The tape starts off slow. Most of the project is two different Hayes. Initially, “Move,” is incredibly annoying. It has its moments, but is so repetitive that it is nearly impossible to skip. The cadence on the hook rarely changes, so a solid, even catchy, hook quickly gets old. But here’s the dichotomy of Hayes, the second track is phenomenal. I quickly recognized the “Midnight Train” beat pack from a Nyck Caution song from like 2014. This song is very, very good. The hook is clever and very catchy, and he avoids the repetitiveness of the aforementioned track by switching flows, as well as utilizing autotune. It is hard to have a poor track on a beat that hard. Big shoutout to Flexlord Shawty.
I would categorize Hayes in less of the BukuSteez melodic lane, but almost in a 2015 Carti autotune mumble rap range. I wouldn’t have pegged the style as that initially, but after a listen it is very clear that Hayes is a totally different animal. Hayes has a knack for hooks, as nearly every one on the tape slaps. There is infinite potential in this area.

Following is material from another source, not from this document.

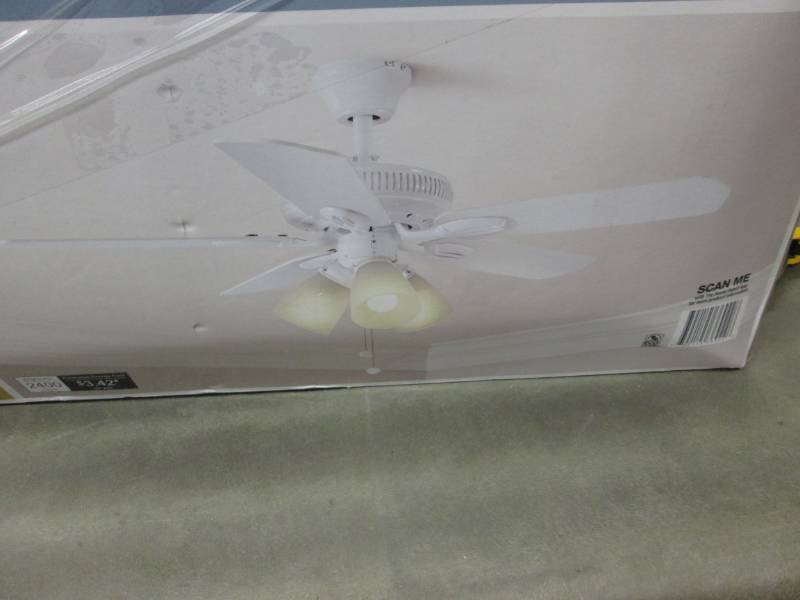 lot 276 image: Hampton Bay Glendale 42 in. LED Ind...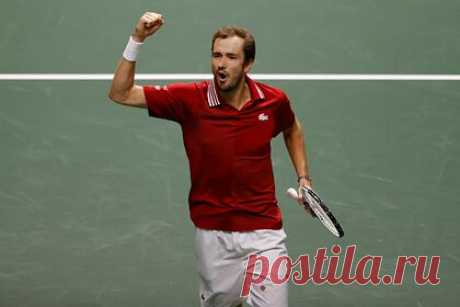 Сборная России вышла в финал Кубка Дэвиса впервые с 2007 года. Сборная России вышла в финал Кубка Дэвиса. Россиянин Даниил Медведев в полуфинальном матче обыграл немецкого теннисиста Яна-Леннарда Штруффа со счетом 6:4, 6:4. В заключительной встрече 5 декабря россияне сыграют со сборной Хорватии, которая оказалась сильнее сербской команды.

It feels like when Hayes lets things come naturally, and doesn’t press too hard, his music is infinitely better. You can feel how comfortable he was on his better tracks, but it is very obvious when he pushed too hard to seem cool or fit into whatever “lanes” are present.
It is very hit or miss with Hayes from the KY, but with some fine tuning, he could be a major player. Considering this is his first full length project, I wouldn’t say he has anything to worry about.
I have to say that I was pleasantly surprised that rapping about the state of Kentucky wasn’t corny at all. Hayes is very underrated in his wordplay. It is consistent and subtly clever, and I am looking forward to seeing his continued development in this area.
“Middle of the Summer,” is by far my favorite song from the tape. It was far and away the most heartfelt track, and offered a close look at the artist, his struggles and his journey to where he is now.
I think Hayes has a tremendous amount of potential, but this tape was very streaky. Certain songs were ones I continued playing well after my first listen, and others were skipped after one minute. But don’t write him off. I know potential when I see it, and Hayes has a chance to make a big splash in this game.